Google announced on Thursday that Dr. Cerf would be leaving MCI, where he is senior vice president for technology strategy, to be one of a dozen or so vice presidents working closely with Eric E. Schmidt, Google's chief executive, as the company continues to move beyond its roots as an Internet search engine.
Dr. Cerf, 62, is best known for the early work he did on the Internet, and its precursor, the Arpanet. Together with Robert Kahn, a fellow computer scientist, Dr. Cerf in 1973 sketched out a set method, or protocol, for allowing different, isolated computer networks to talk to one another. The protocol, which paved the way for today's Internet, is called Transmission Control Protocol/Internet Protocol, or TCP/IP.
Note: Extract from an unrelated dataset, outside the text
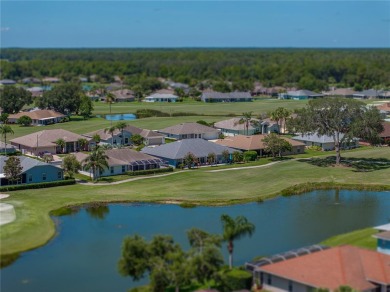STUNNING CURB APPEAL on this GORGEOUS FULLY REMODELED PANORAMIC on Tampa Bay Golf and Country Club in Florida - for sale on GolfHomes.com, golf home, golf lot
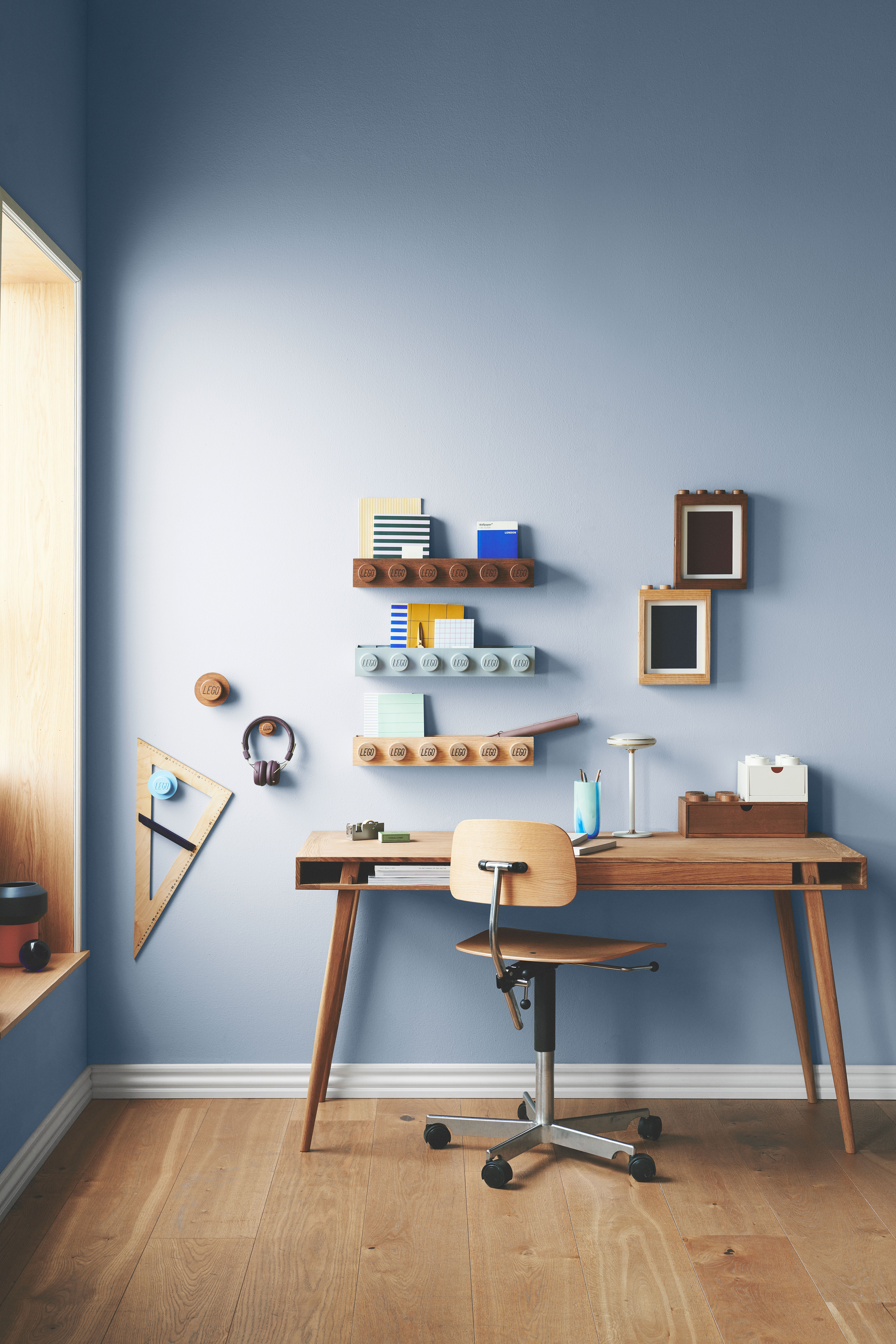 Barnrum med blåa väggar och ett skrivbord med rullstol i trä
In addition to his computer networking expertise, Dr. Cerf is well known for his peacemaking skills in a technical community occasionally riven by technical differences.
"He sits in a room full of people who don't agree and he gets them to agree," said Mr. Schmidt.
Dr. Cerf spent 11 years at MCI, with an eight-year break to work with Dr. Kahn on Internet infrastructure issues at the Corporation for National Research Initiatives. While at MCI in the early 1980's, Dr. Cerf devised MCI Mail, an early e-mail program.
In an interview, Dr. Cerf said he welcomed the chance to work on computer applications again, as opposed to the work on network infrastructure - the Internet's basic plumbing - that has been his focus at MCI.
"I want to spend what years I have left working on the application side because that's where all the excitement is," he said.
Specifically, Dr. Cerf said, he is interested in speech-based interfaces and geographically indexed databases.
His hiring is the latest in a string a successful high-profile recruiting efforts on Google's part. Rob Pike, a high-level software engineer, was recruited from Bell Labs in November 2002. Louis Monier, who oversaw research and development at eBay, went to Google this summer. And Kai-Fu Lee, a former Microsoft vice president, joined Google in July, prompting Microsoft to file a lawsuit that is now in court.
Dr. Cerf, whose first official day at Google is Oct. 3, said it was too early to know exactly what he would be working on.
And even with the Internet's pervasiveness, Dr. Cerf said, a measure of evangelism is still in order.
"The Internet has a billion users, and we have 5.6 billion to go," Dr. Cerf said. "Each will come to the Internet in different ways, like wirelessly, and Google needs to be receptive and adaptive to those different circumstances."